- Theatrical release poster
- Directed by: Phani Ramachandra
- Story by: Gayathri P. Ramachandra
- Produced by: M. K. Srinivasa Murthy
- Starring: Shiva Rajkumar Bhagyashree
- Cinematography: D. V. Rajaram
- Edited by: Basavaraj Urs
- Music by: Raj
- Production company: Akshaya Enterprises
- Release date: 11 July 1997;
- Running time: 141 minutes
- Country: India
- Language: Kannada

= Ammavra Ganda =

Ammavra Ganda is a 1997 Indian Kannada-language romantic comedy film directed by Phani Ramachandra and produced by M. K. Srinivasamurthy. The film stars Shiva Rajkumar, Bhagyashree of Maine Pyar Kiya fame in her debut Kannada film and Suman Nagarkar in lead roles.

== Cast ==

- Shiva Rajkumar as Raju
- Bhagyashree as Rani
- Suman Nagarkar as Bindu
- Balaraj
- Vijay Kashi
- Loknath
- Mukhyamantri Chandru
- Shivaram
- Sihi Kahi Chandru
- Girija Lokesh
- Rekha Das
- Manjubhashini as Rani's sister
- Sithara in Cameo

== Soundtrack ==
The soundtrack of the film was composed by Raj.

Track listing
| No. | Title | Lyrics | Singer(s) | Length |
|---|---|---|---|---|
| 1. | "Hennu Gandige Gulamalalla" | Shyamsundar Kulkarni | S. P. Balasubrahmanyam, Manjula Gururaj |  |
| 2. | "Uma Rama Shama Suma" | M. N. Vyasa Rao | Rajesh Krishnan, Manjula Gururaj, Chandrika Gururaj |  |
| 3. | "Love Mado Reethiyanu" | Shyamsundar Kulkarni | S. P. Balasubrahmanyam, Manjula Gururaj |  |
| 4. | "Jolly Jolly Picnic" | M. N. Vyasa Rao | Manjula Gururaj |  |
| 5. | "Neeli Meghagalu" | Su.
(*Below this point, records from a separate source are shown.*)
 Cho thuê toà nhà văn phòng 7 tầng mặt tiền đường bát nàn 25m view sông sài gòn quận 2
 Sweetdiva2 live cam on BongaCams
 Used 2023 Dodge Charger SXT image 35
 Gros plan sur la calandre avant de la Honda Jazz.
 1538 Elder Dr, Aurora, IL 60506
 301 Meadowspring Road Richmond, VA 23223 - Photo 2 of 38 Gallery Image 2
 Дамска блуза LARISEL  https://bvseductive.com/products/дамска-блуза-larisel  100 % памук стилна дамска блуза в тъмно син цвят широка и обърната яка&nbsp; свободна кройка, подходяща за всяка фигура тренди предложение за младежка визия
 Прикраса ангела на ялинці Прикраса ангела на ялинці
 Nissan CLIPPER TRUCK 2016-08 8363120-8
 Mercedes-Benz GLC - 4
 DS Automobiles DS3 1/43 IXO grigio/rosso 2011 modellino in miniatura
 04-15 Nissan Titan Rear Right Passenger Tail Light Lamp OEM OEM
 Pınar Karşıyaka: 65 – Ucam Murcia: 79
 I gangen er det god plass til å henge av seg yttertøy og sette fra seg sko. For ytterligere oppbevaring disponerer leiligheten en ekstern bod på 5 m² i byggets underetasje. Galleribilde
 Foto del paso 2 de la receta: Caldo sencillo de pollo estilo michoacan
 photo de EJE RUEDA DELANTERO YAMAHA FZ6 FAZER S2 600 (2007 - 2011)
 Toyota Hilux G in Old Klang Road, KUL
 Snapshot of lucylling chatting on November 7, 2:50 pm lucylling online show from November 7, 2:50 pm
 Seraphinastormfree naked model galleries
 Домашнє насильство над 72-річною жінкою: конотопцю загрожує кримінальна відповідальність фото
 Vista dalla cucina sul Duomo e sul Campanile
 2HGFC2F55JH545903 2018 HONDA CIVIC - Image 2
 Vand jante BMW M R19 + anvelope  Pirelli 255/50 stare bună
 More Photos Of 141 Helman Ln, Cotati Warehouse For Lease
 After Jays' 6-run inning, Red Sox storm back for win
Rudramurthy Shastry | Shivarajkumar |  |
| 6. | "Sri Krishnanu Nodalu" | Su. Rudramurthy Shastry | S. P. Balasubrahmanyam |  |
| 7. | "Hendathiginta Munchene" | Shyamsundar Kulkarni | S. P. Balasubrahmanyam |  |

==Reception==
Times of India wrote "Whatever has happened to Phani Ramachandra? Of course, he was never the master of the large canvas, never had artistic pretensions, never made a great film. But he had his ear to the pulse of the average cinemagoer he could twist formula quite cleverly to make us laugh. Each time you came out of a Phani film, you thought, not bad, but let’s hope he betters himself next time. His Gowri Ganesha, for instance, was hugely popular. Ammavara Ganda had immense promise as a rib-tickle". The Hindu wrote "Overall, although “Ammavra Ganda” is a comedy in patches, thanks only to Shiva Rajkumar, it is not a film with a definite social message as it is made to believe by the director; if anything, it is a bit of a spoof on women's clamour for equality. Unwittingly, Phani Ramachandra also reveals the sad state of a woman's world which is confined to a stereotyped, limited role."